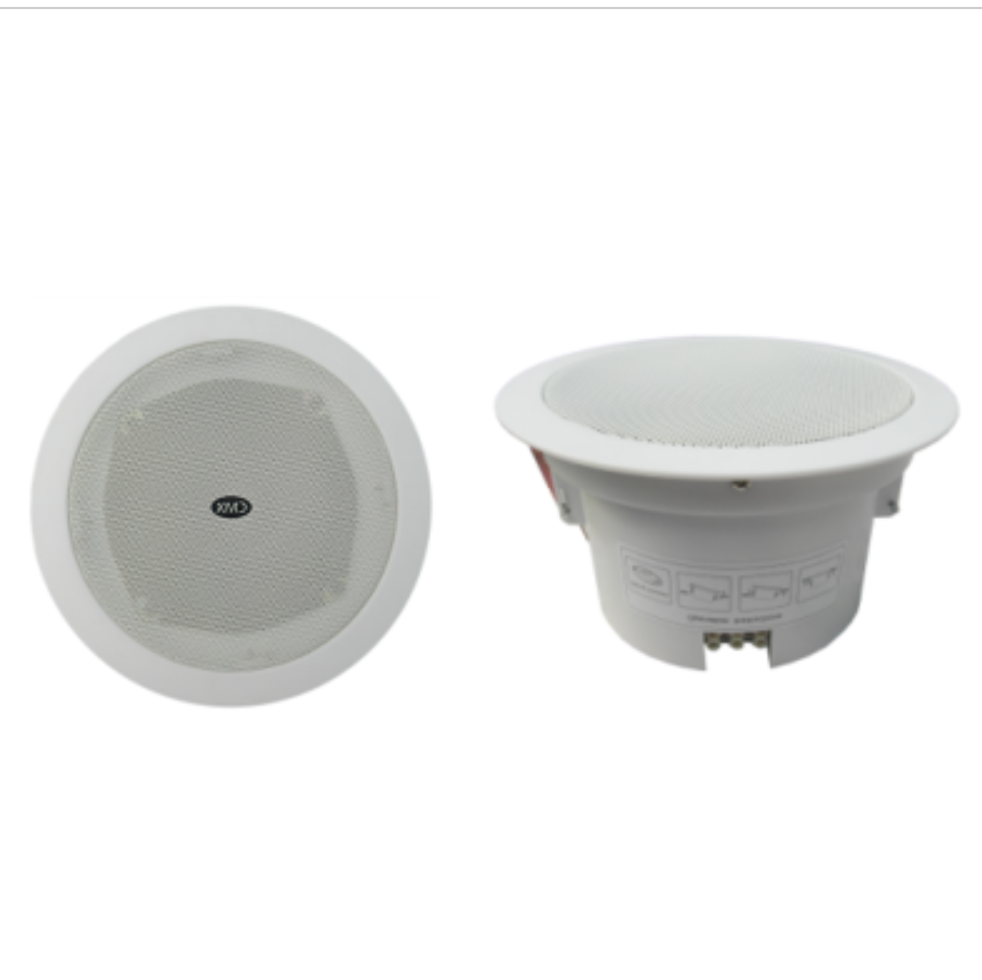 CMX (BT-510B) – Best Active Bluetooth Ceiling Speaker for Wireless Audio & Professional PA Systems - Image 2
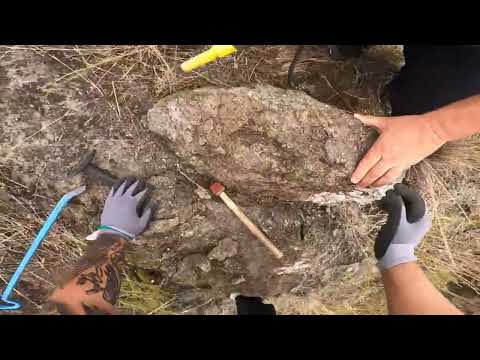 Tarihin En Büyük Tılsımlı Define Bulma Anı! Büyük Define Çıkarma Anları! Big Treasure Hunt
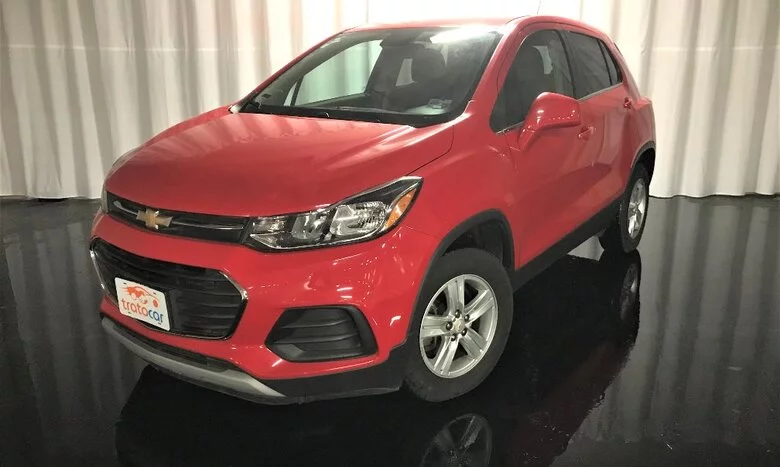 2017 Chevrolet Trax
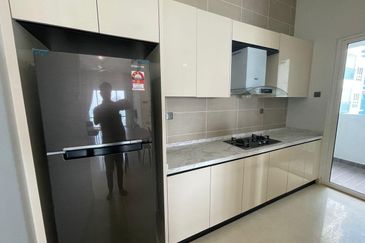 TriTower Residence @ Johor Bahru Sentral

• **Exercise requirements**: Return only the lines from the one that contains "2017 Chevrolet Trax" through the closing line of the data, inclusive, reproduced exactly and with every picture left out.

• **Reply**:
 2017 Chevrolet Trax
 TriTower Residence @ Johor Bahru Sentral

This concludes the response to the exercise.